The following examples provide the complete C# and Visual Basic listings for the simplest Word Automation Services application.

using System;
using System.Collections.Generic;
using System.Linq;
using System.Text;
using Microsoft.SharePoint;
using Microsoft.Office.Word.Server.Conversions;

class Program
{
    static void Main(string[] args)
    {
        string siteUrl = "https://localhost";
        // If you manually installed Word automation services, then replace the name
        // in the following line with the name that you assigned to the service when
        // you installed it.
        string wordAutomationServiceName = "Word Automation Services";
        using (SPSite spSite = new SPSite(siteUrl))
        {
            ConversionJob job = new ConversionJob(wordAutomationServiceName);
            job.UserToken = spSite.UserToken;
            job.Settings.UpdateFields = true;
            job.Settings.OutputFormat = SaveFormat.PDF;
            job.AddFile(siteUrl + "/Shared%20Documents/Test.docx",
                siteUrl + "/Shared%20Documents/Test.pdf");
            job.Start();
        }
    }
}
Imports Microsoft.SharePoint
Imports Microsoft.Office.Word.Server.Conversions
Module Module1
    Sub Main()
        Dim siteUrl As String = "https://localhost"
        ' If you manually installed Word automation services, then replace the name
        ' in the following line with the name that you assigned to the service when
        ' you installed it.
        Dim wordAutomationServiceName As String = "Word Automation Services"
        Using spSite As SPSite = New SPSite(siteUrl)
            Dim job As ConversionJob = New ConversionJob(wordAutomationServiceName)
            job.UserToken = spSite.UserToken
            job.Settings.UpdateFields = True
            job.Settings.OutputFormat = SaveFormat.PDF
            job.AddFile(siteUrl + "/Shared%20Documents/Test.docx", _
                siteUrl + "/Shared%20Documents/Test.pdf")
            job.Start()
        End Using
    End Sub
End Module

Note

Replace the URL assigned to siteUrl with the URL to the SharePoint site.

To build and run the example

  1. Add a Word document named Test.docx to the Shared Documents folder in the SharePoint site.

  2. Build and run the example.

  3. After waiting one minute for the conversion process to run, navigate to the Shared Documents folder in the SharePoint site, and refresh the page. The document library now contains a new PDF document, Test.pdf.

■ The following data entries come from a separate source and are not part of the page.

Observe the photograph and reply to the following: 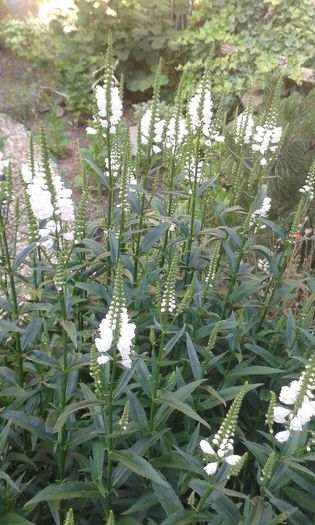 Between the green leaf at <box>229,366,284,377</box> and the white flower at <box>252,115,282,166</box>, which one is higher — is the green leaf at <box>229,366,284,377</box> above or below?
below

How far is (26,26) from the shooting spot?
30.8 feet

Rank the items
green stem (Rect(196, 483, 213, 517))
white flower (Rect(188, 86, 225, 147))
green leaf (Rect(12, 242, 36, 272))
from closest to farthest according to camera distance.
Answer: green stem (Rect(196, 483, 213, 517)), green leaf (Rect(12, 242, 36, 272)), white flower (Rect(188, 86, 225, 147))

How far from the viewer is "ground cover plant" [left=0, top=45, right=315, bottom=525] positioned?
1983 mm

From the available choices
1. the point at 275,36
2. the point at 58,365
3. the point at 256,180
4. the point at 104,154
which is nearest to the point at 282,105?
the point at 256,180

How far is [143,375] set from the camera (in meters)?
2.27

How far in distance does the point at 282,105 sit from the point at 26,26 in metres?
6.68

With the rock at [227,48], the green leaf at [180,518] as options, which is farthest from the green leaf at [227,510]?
the rock at [227,48]

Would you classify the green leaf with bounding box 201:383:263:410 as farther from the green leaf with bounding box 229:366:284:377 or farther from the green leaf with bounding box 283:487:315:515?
the green leaf with bounding box 283:487:315:515

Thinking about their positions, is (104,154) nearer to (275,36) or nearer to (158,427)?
(158,427)

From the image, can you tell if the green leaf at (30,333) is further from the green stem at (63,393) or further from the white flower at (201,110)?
the white flower at (201,110)

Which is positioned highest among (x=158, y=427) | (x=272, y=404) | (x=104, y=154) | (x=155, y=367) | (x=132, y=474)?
(x=104, y=154)

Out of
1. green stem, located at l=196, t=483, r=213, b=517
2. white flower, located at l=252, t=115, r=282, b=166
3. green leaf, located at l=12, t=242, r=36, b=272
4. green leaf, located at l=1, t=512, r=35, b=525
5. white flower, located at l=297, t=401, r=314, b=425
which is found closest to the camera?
white flower, located at l=297, t=401, r=314, b=425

Monitoring Conversion Status

In many scenarios, you want to monitor the status of conversions, to inform the user when the conversion process is complete, or to process the converted documents in additional ways. You can use the ConversionJobStatus class to query Word Automation Services about the status of a conversion job. You pass the name of the WordServiceApplicationProxy class as a string (by default, "Word Automation Services"), and the conversion job identifier, which you can get from the ConversionJob object. You can also pass a GUID that specifies a tenant partition. However, if the SharePoint Server farm is not configured for multiple tenants, you can pass null (Nothing in Visual Basic) as the argument for this parameter.

After you instantiate a ConversionJobStatus object, you can access several properties that indicate the status of the conversion job. The following are the three most interesting properties.

ConversionJobStatus Properties

Property

Return Value

Count

Number of documents currently in the conversion job.

Succeeded

Number of documents successfully converted.

Failed

The number of documents that failed conversion.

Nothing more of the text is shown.